Remember how I said on last week that I rarely buy art because I don’t know that much about it? Well, that’s not strictly true. I just so rarely see anything I like in a thirft store (hello Thomas Kinkade, Painter of Light yuck gag cough retch) that I almost never buy anything. Plus, thrift stores around here tend to price art rather preciously for some reason. Sure, a sketch of the Fairfax County Courthouse would be entertaining to have up in my house, but not for $60. That rather attractive but no-name landscape print? $120. Cray-cray.
So when I saw the piece above at the Salvation Army Store in Annandale (same place I found those Brasilia pieces) I assumed it would cost more than $40. Lucky for me, it didn’t.
So, what’s so interesting about a bunch of horizontal lines that “anybody could paint”?
Well, the horizontals are perfectly straight and clean, but the vertical edge is not. If you got the horizontal straight, couldn’t you just tape off the edge and get the vertical straight? That’s a deliberate choice.
Next, that dark blue line third from the top is more painterly than the other lines. There are some translucent spots with the blue, but not with the equally dark brown or red. Why? Another choice.
Also, the Washington, DC area isn’t known for much art wise. Sure we’ve got a lot of great museums and a wonderful school in the Corcoran, but for whatever reason, most art movements still start in New York or Los Angeles.
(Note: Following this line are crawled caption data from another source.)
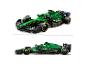 Dva pohľady na zelený a čierny model Lego Aston Martin F1 s logami sponzorov.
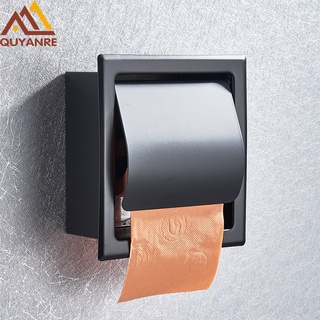 Quyanre Matte Black Chrome Toilet Paper Holder Stainless Steel 304 Roll Paper Box Porta Papel Higien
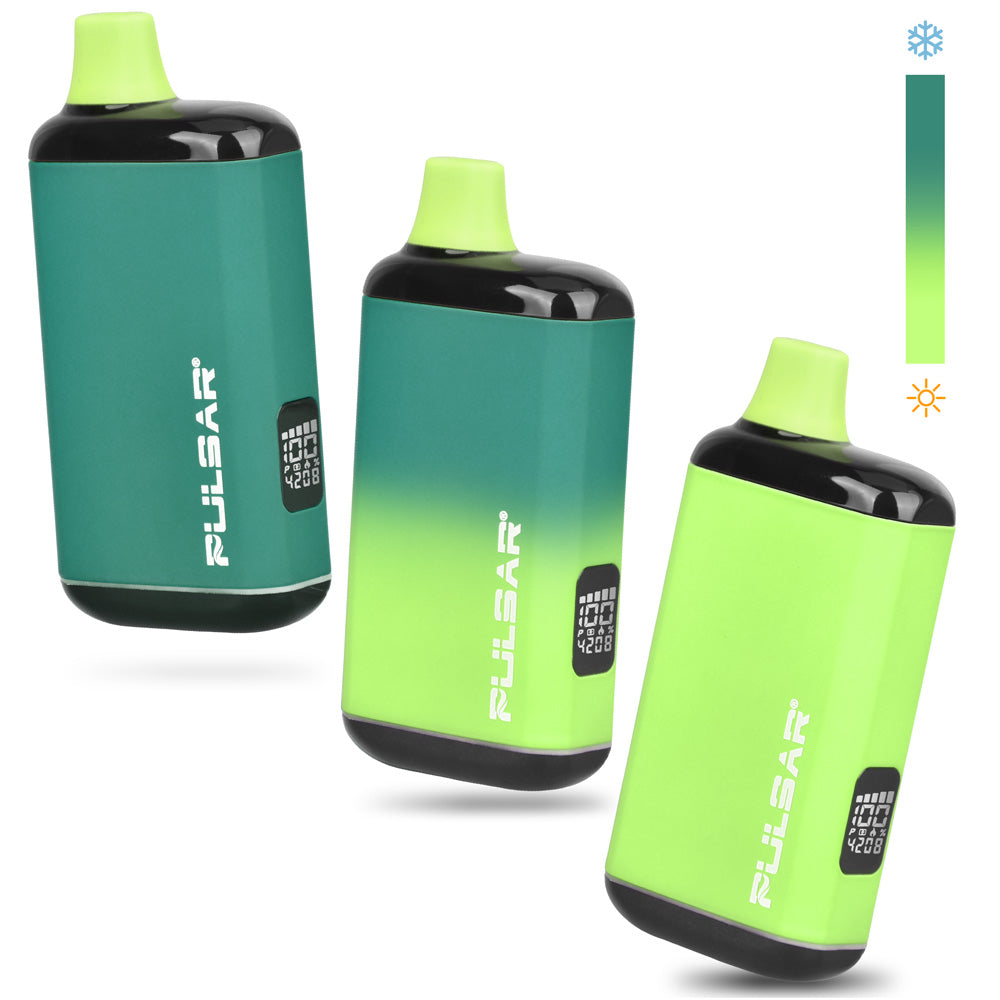 Visual demonstration of the Pulsar 510 DL 2.0 Pro Thermo green battery, showing the transition from a cold deep teal finish (snowflake icon) to a warm, bright green active state (sun icon), including the activated digital screen.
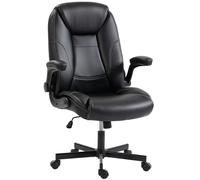 HOMCOM Chaise bureau ergonomique fauteuil de bureau accoudoirs relevables hauteur réglable fonction bascule noir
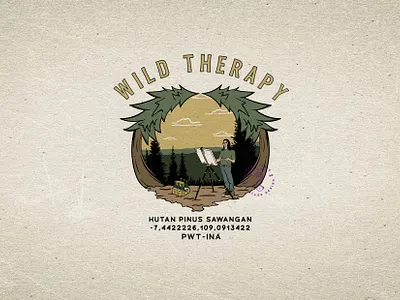 WILD THERAPY apparel design design folkart great outdoors illustration logo logodesign vintage design vintage logo wilderness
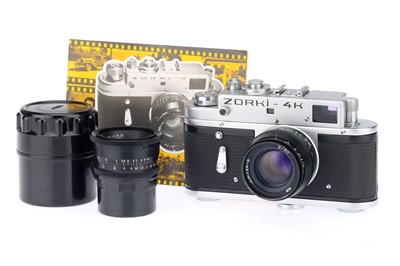 Lot 145 - A Good Zorki 4K 35mm Rangefinder Camera Outfit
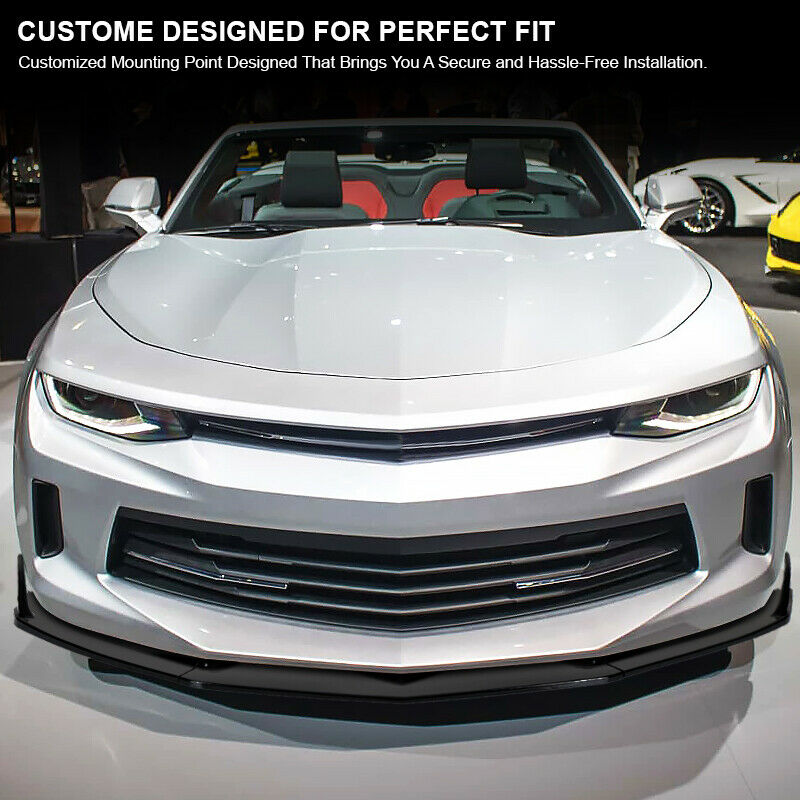 2016 - 24 Camaro Gloss Black/Carbon Fiber 3PC Front Splitter Lip | LT/RS/SS/LT1
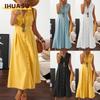 Fashion Summer Spring Solid Color Print Sleeveless POLO Neck Casual Dresses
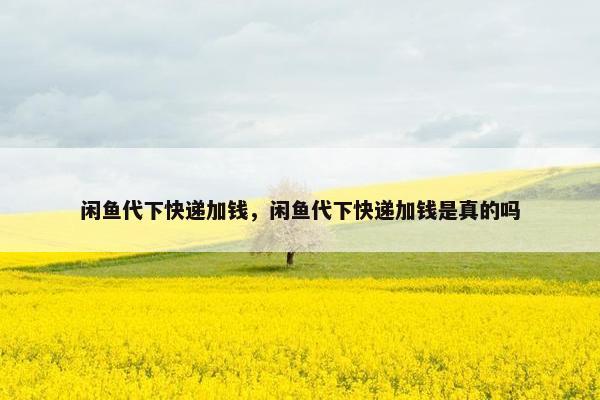 闲鱼代下快递加钱，闲鱼代下快递加钱是真的吗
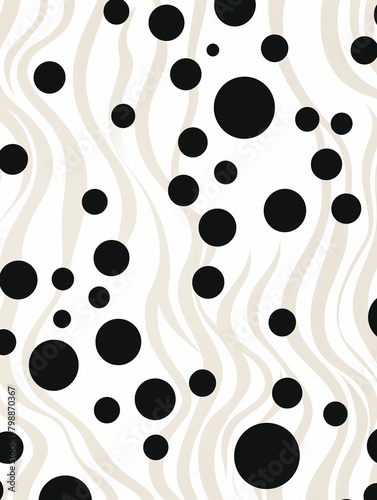 Swirling dots continuous pattern, vector graphic, simple elegance, white space ,  seamless pattern photo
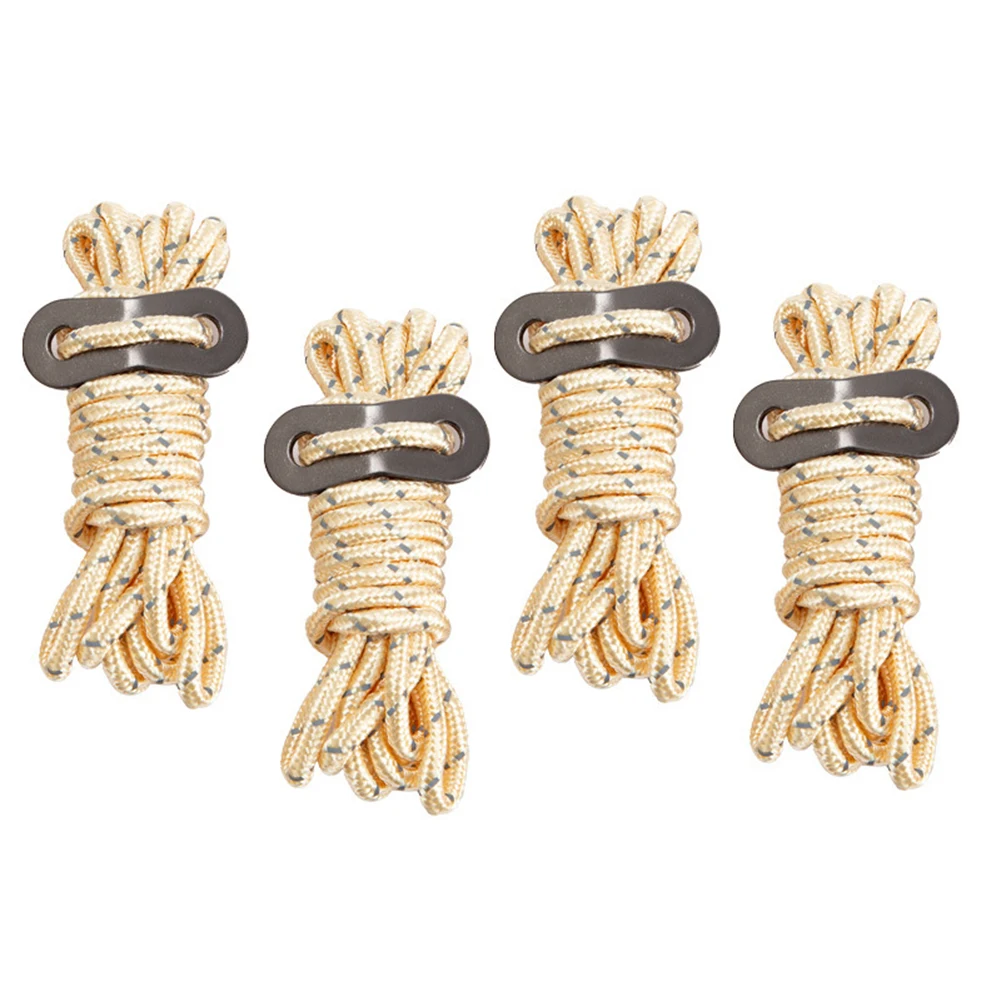 Wind Rope Stay Secure and Visible in the Outdoors with Reflective Camping Rope 4 Pack of 2m Ropes with Storage Bag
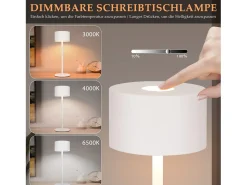 NETTLIFE Lámpara de mesa LED inalámbrica (paquete de 2): lámpara de mesa regulable al tacto con 3 temperaturas de color, altura ajustable, USB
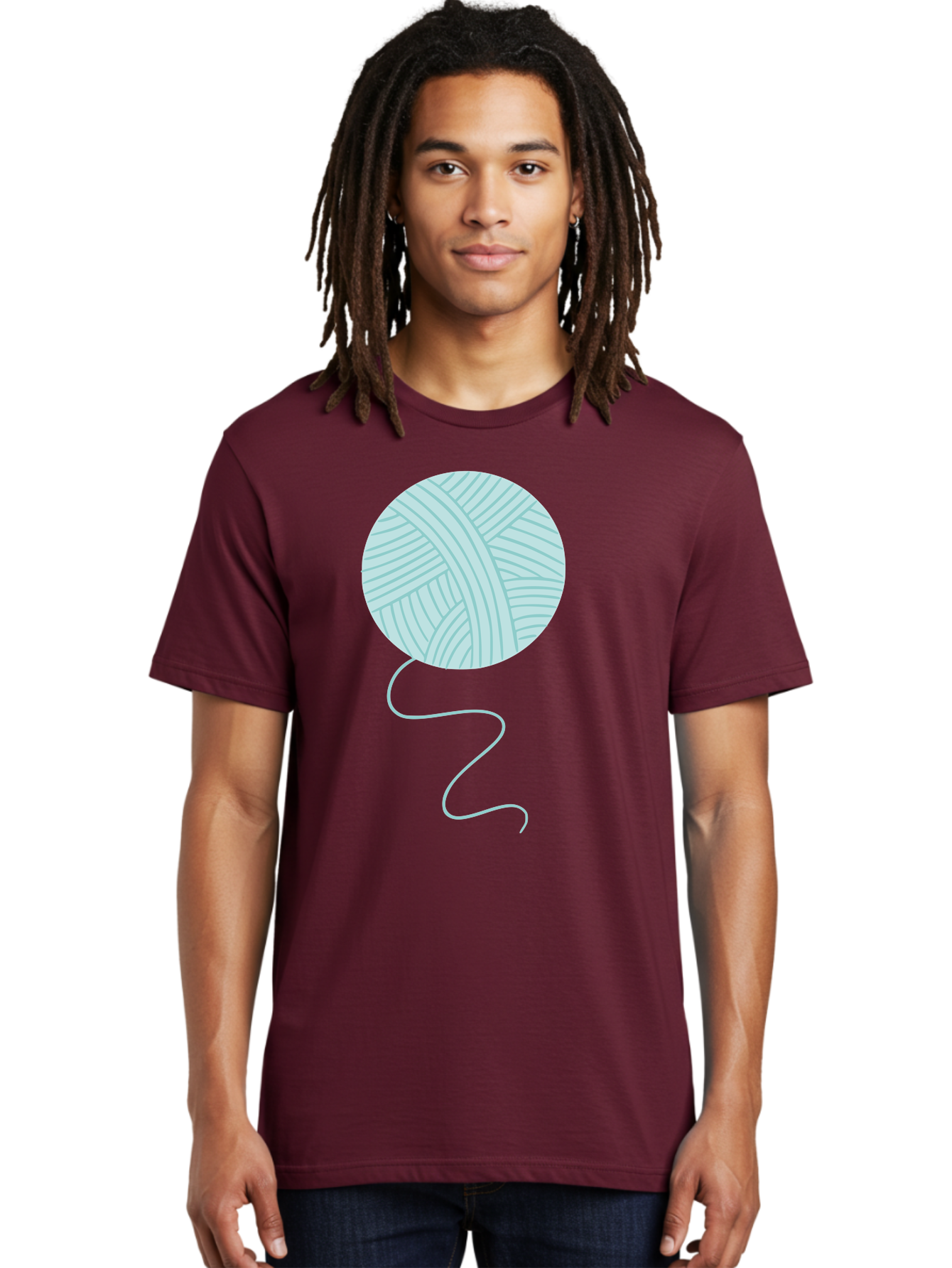 Ball-Of-Yarn Men'S Graphic Tee, 100% Cotton, Comfortable Casual Summer Wear, Machine Washable, Ball Of Yarn, Knitting Supplies, Crafting Essentials, Yarn Thread, Creative Hobbies, Handmade Crafts, Knitting Yarn Aac000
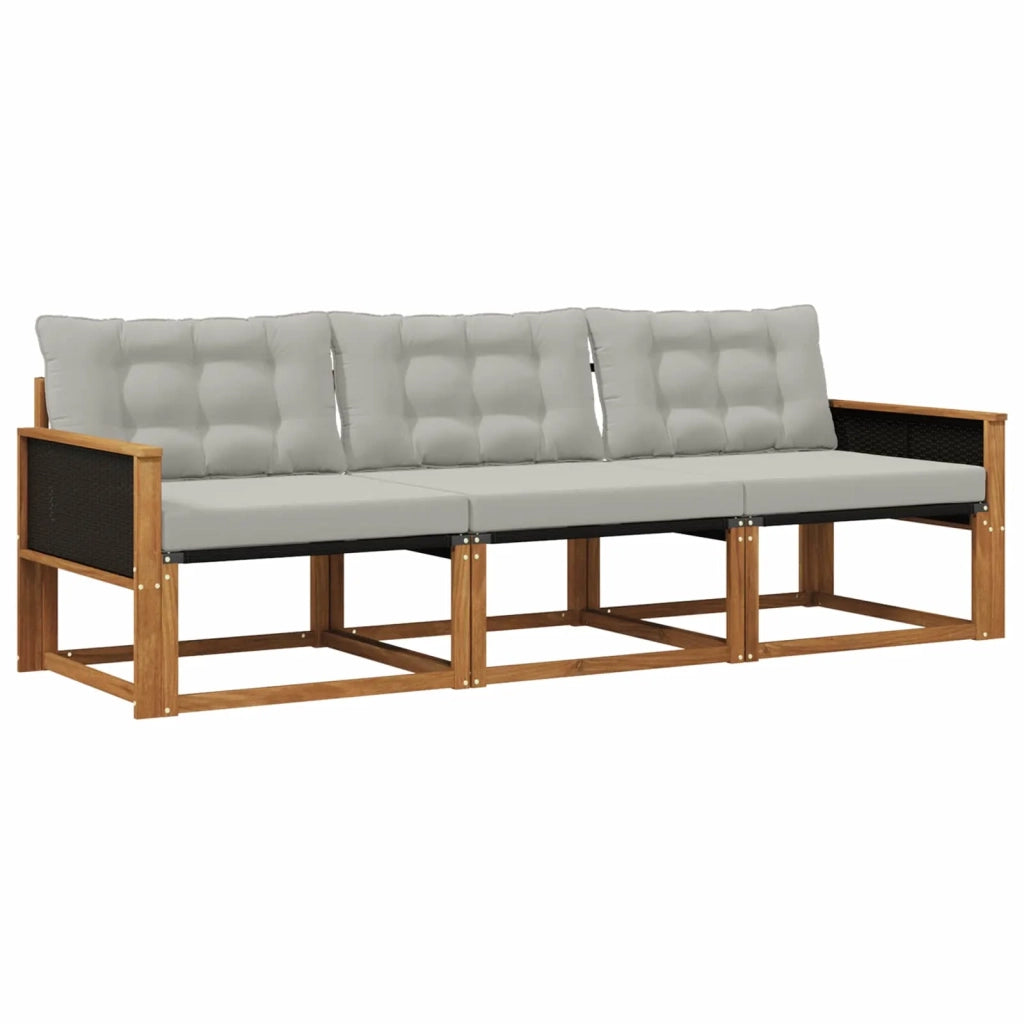 Set di divani da esterno 3 pz Naturale e Grigio Chiaro 3381207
The one exception is the Washington Color School, a fact I somehow dredged up out of my brain likely placed there by one of my four university level art history classes here in the city.
The Washington Color School painters were a part of the larger color field movement of the 1960s and 70s, often lumped together with abstract expressionist painters like Jackson Pollock. Unsurprising to anyone who has lived in Washington though, these painters were of a more orderly sort, working in lines and dots and other easily organized subjects, very unlike the messy splatters of Pollock.
My favorite painters have long been Ellsworth Kelly and Mark Rothko so I’m very familiar with the style and when I saw this, I knew it was good.
Unfortunately, I’ve been unable to identify the artist. The best explanation I can come up with is that several members of this movement taught locally. I would expect that this piece is a student work because the initials (perhaps DG?) do not seem to match up to any known artist in the school that I can discern.
Anyway, I love it and I’m pleased that I found it. Maybe someday I’ll figure out who did it, but until then, I have art for the office!